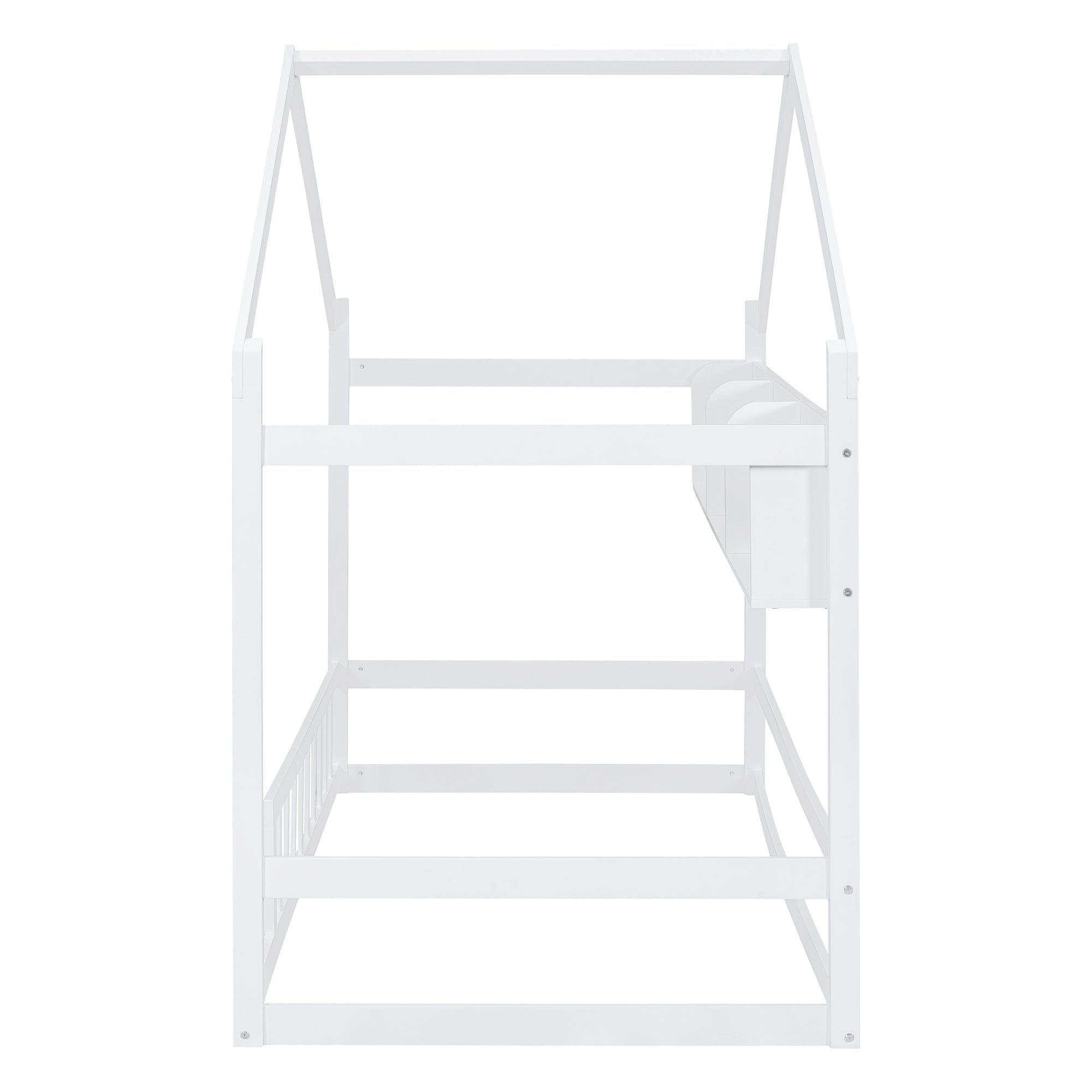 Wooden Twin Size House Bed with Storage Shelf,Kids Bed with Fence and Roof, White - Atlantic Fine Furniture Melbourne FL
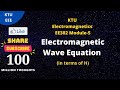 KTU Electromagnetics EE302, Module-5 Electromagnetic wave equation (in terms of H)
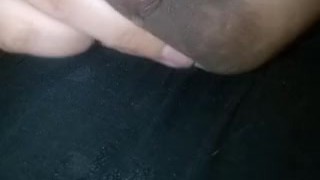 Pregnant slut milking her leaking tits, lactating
———
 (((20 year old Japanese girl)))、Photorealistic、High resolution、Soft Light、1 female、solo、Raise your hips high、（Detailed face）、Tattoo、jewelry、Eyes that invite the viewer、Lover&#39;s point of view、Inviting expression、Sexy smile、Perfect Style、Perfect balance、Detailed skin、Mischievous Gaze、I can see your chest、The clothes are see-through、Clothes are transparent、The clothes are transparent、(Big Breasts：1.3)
———
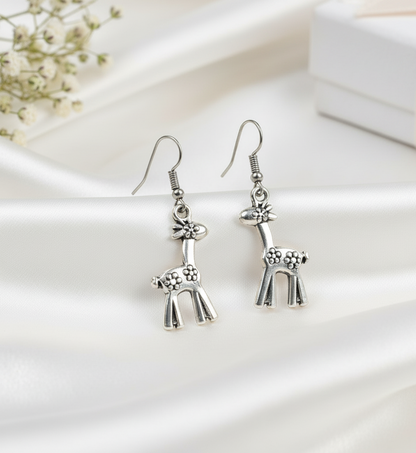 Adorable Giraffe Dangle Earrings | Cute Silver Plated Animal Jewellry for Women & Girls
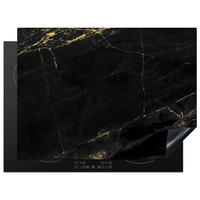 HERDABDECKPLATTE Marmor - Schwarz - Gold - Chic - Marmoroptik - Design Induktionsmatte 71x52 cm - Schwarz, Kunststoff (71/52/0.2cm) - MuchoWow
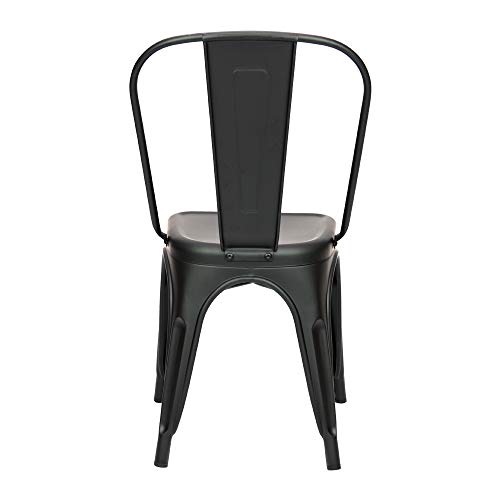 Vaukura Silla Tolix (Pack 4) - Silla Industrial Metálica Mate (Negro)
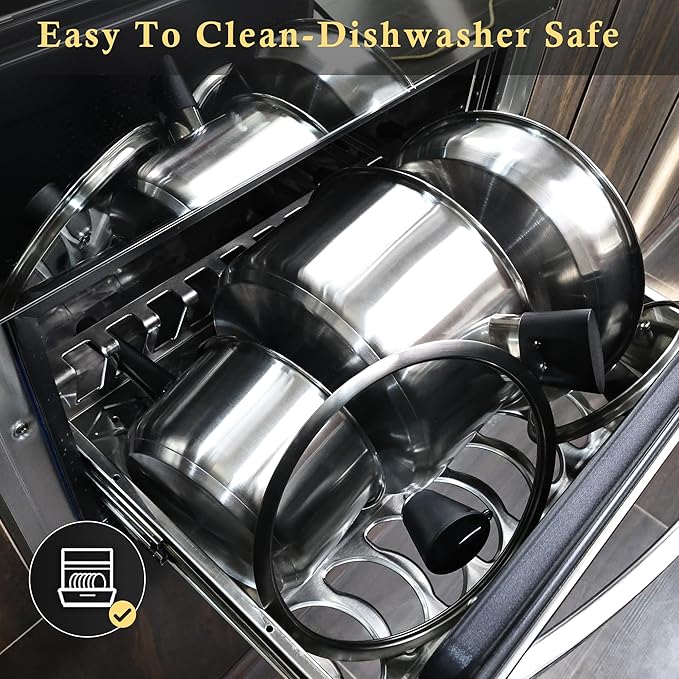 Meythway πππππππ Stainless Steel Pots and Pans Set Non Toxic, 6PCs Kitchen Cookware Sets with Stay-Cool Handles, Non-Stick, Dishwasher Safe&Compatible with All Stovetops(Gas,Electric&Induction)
———
**Work to be completed**
Reproduce the listing above only between the lines holding "Adorable Giraffe Dangle" and "Meythway πππππππ Stainless", inclusive. Every line must match exactly, and pictures are dropped.

**Response to this task**
 Adorable Giraffe Dangle Earrings | Cute Silver Plated Animal Jewellry for Women & Girls
 HERDABDECKPLATTE Marmor - Schwarz - Gold - Chic - Marmoroptik - Design Induktionsmatte 71x52 cm - Schwarz, Kunststoff (71/52/0.2cm) - MuchoWow
 Vaukura Silla Tolix (Pack 4) - Silla Industrial Metálica Mate (Negro)
 Meythway πππππππ Stainless Steel Pots and Pans Set Non Toxic, 6PCs Kitchen Cookware Sets with Stay-Cool Handles, Non-Stick, Dishwasher Safe&Compatible with All Stovetops(Gas,Electric&Induction)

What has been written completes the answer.